You’ve noticed something is wrong. Maybe it was a comment at dinner, a pattern you can’t un-see, or a conversation that went badly and left you shaking.
Helping feels urgent, but every time you try, you’re not sure if you made things better or worse.
Living with that uncertainty, that fear of getting it wrong, is one of the hardest parts of loving someone with an eating disorder. And it’s the part nobody talks about.
If you’re supporting a child or teenager with an eating disorder in Brisbane, Thinking Families specialises in exactly this. The practice uses Family Based Treatment (FBT); the gold standard approach for Anorexia Nervosa and Bulimia Nervosa in adolescents – and works with the whole family, not just the young person. Book an appointment.

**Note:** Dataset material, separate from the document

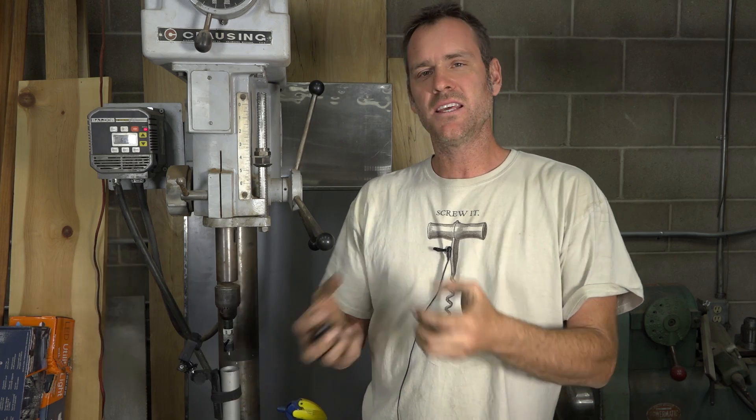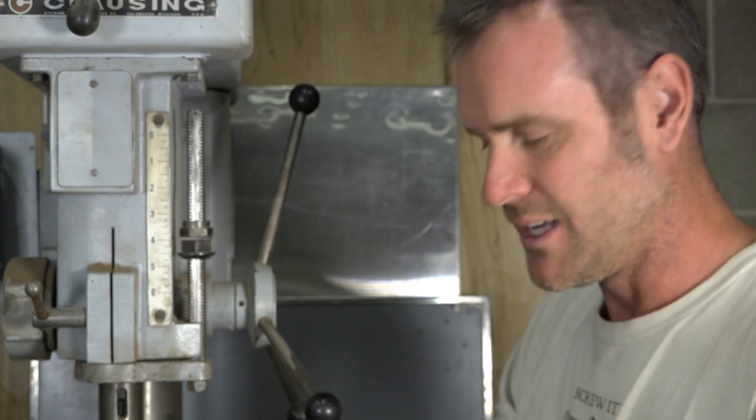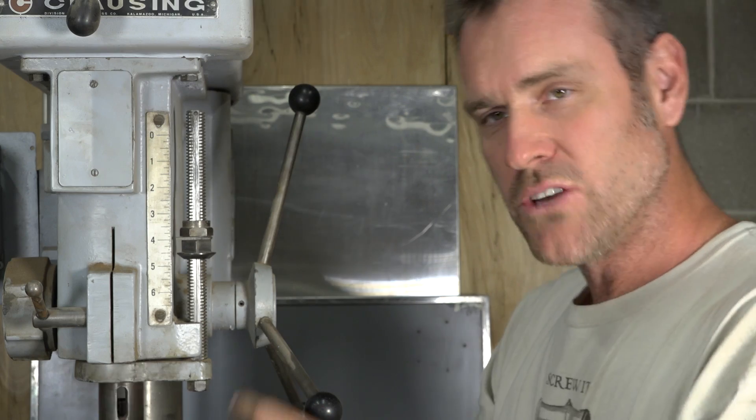In my lab I need these Erlenmeyer flasks — they have a little vent on them. I need them airtight so we can actually pull a vacuum through the funnel. Problem is you can't buy these, so I figured we can drill them out.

Getting the foundation right changes everything that comes after, including the conversations that feel impossible right now.
An eating disorder isn’t a phase, a choice, or a bid for attention. It’s a serious mental health condition, one that often has very little to do with food at its core, even when food is where the struggle shows up most visibly. Holding onto that truth changes everything about how you approach someone you love.

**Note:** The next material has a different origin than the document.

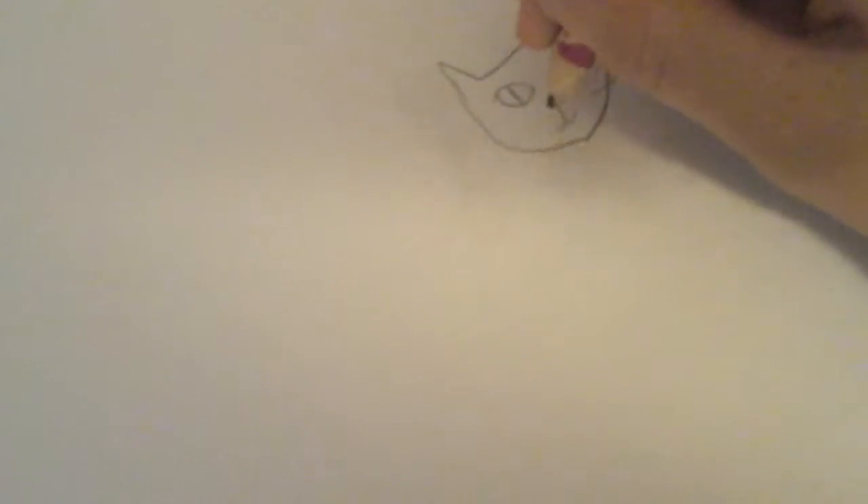So let's get started. This is a little kitty right here, I'm just drawing. You must remember how to draw — you need to always draw the whiskers.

Most carers fall into one of two traps without realising it. The first is pushing harder, tracking what’s eaten, commenting on meals, turning every dinner into a negotiation. The second is backing away entirely to avoid the conflict. Both feel like reasonable responses. Both leave the person more isolated than before.

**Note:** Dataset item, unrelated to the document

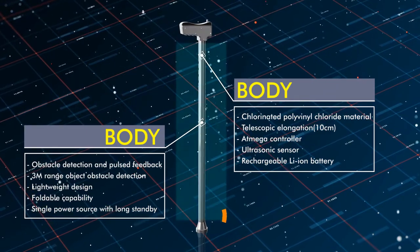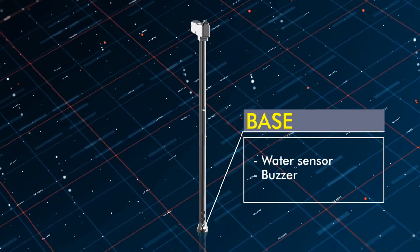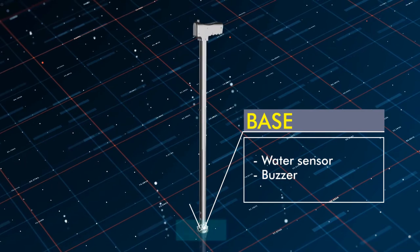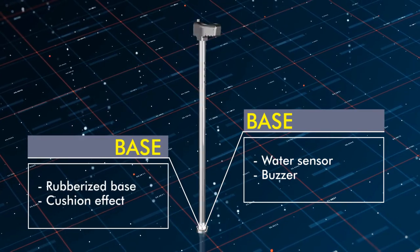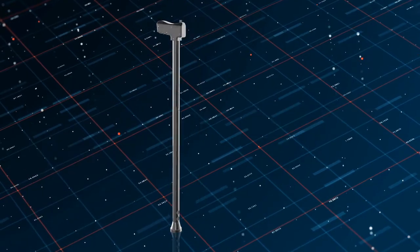Moving forward with the base design — the base consists of a water sensor, controlled by the Arduino placed in the body, which is also used for the ultrasonic sensor. The base is made up of rubber material, providing a cushion effect and more comfort to the user.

Here’s the reframe that matters: your job isn’t to fix the eating. It’s to protect the relationship.
Recovery doesn’t happen despite a safe, consistent relationship, it happens inside one. That shifts the entire focus of what “helping” actually means, which is what the rest of this guide is about.
Plenty of advice about how to help someone with an eating disorder focuses on what to say. The harder truth is that the most effective support often has nothing to do with words.
Sitting with someone through a difficult meal without commenting on what’s on the plate. Staying in the room after the meal ends, when anxiety tends to peak, without trying to talk them out of how they’re feeling. Simple to describe. Genuinely hard to do, especially when every instinct is telling you to fix it.
There’s solid evidence that when family members are given a clear role in recovery, not just told to “be supportive”, outcomes improve significantly. Vague encouragement doesn’t move the needle. Informed, consistent presence does.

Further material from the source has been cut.